The Potential Role of Article 6 Compatible Carbon Markets in Reaching Net-Zero studies how a strong global network of linked carbon markets can drive down the cost of cutting emissions and generate savings that can be reinvested into abatement that will help nations achieve the main goal of the Paris Agreement – keeping global temperature increases to well below 2 degrees Celsius.
“This new round of modelling work re-emphasises the immense value of cooperative mechanisms and explores pathways to achieve global net-zero in a more fair and equitable manner,” said Dirk Forrister, CEO of IETA.
“In addition to lowering mitigation costs, Article 6 could stimulate new investment in selling regions, improve local sustainability results, and present incentives for further technological innovation.”
Among the chief findings of the study is that the market value of financial flows between countries could exceed $1 trillion per year by 2050. Much of this flow would go to developing economies in the form of clean technology investment, assisting them to reach sustainable development goals.
IETA and University of Maryland first carried out modelling on the potential impact of Article 6 in 2019, and the new report highlights updated findings based on adjusted research.
University of Maryland researchers studied a variety of scenarios for countries’ implementation of net zero policies, including a “staggered net-zero” option in which countries reached net zero at different times.
This scenario brought the deadline for net zero emissions forward by five years for countries that already have a target and pushed back the target date to after 2050 for some developing regions, according to their economic development. The modelling showed that countries responsible for 97% of 2020 emissions would reach net-zero by 2060.
While this delay in achieving global net-zero emissions would lead to higher short-term temperature increases, the study found, it is still consistent with the Paris goal of limiting climate change to “well below” 2°C because of the increase in ambition by capable Parties, the report says.
“The urgency of the climate change challenge calls for a truly cooperative global response, but it has to be fair. We can generate real benefits and development investment through cooperation in global carbon markets under Article 6,” said Ieva Steponaviciute, Policy Research Analyst at IETA and co-author of the working paper.
“Exploring staggered net-zero timelines for developed and developing regions in our research showed us that we can address equity concerns and still achieve mitigation objectives compatible with the Paris Agreement temperature goals if capable countries increase ambition.”

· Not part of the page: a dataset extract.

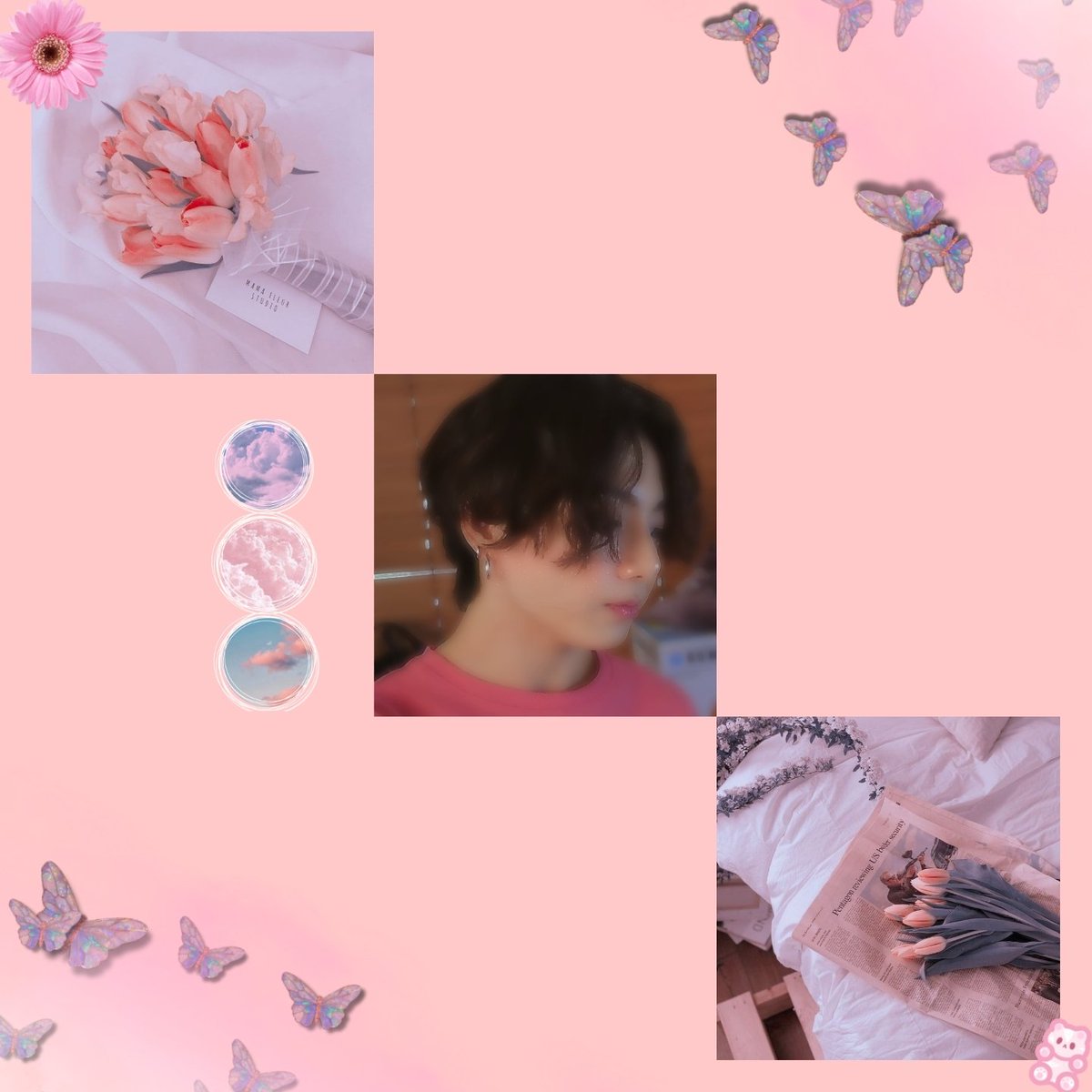 ꧁♡JᏌᏁᏠᎯᏫ♡꧂ft.เรียน tweet media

With Article 6 rules in place and an operational global marketplace, the staggered net-zero scenario would see financial flows rise to $1 trillion a year by 2050 from $300 billion per year in 2030.

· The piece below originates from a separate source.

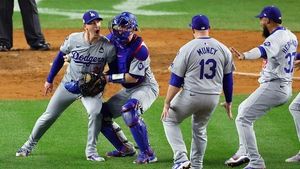 Dodgers Eye Walker Buehler Amid Pitching Injury Crisis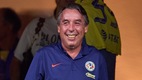 Emilio Azcárraga, dueño de Club América (Mexsport)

The delayed net-zero target dates under the staggered net-zero scenarios also substantially change the buyer and seller dynamics in the lead-up to 2050, the study found.
For example, China and India shift from being buyers to sellers, while the US becomes a large buyer to achieve its increased ambition. Latin America and the Caribbean become sellers along with most of Africa. On the other hand, Canadian, Russian, and Brazilian sales are greatly diminished before 2050.
Moreover, cooperative implementation of staggered net-zero targets could yield significant financial savings, reducing mitigation costs by $21 trillion between 2020 and 2050.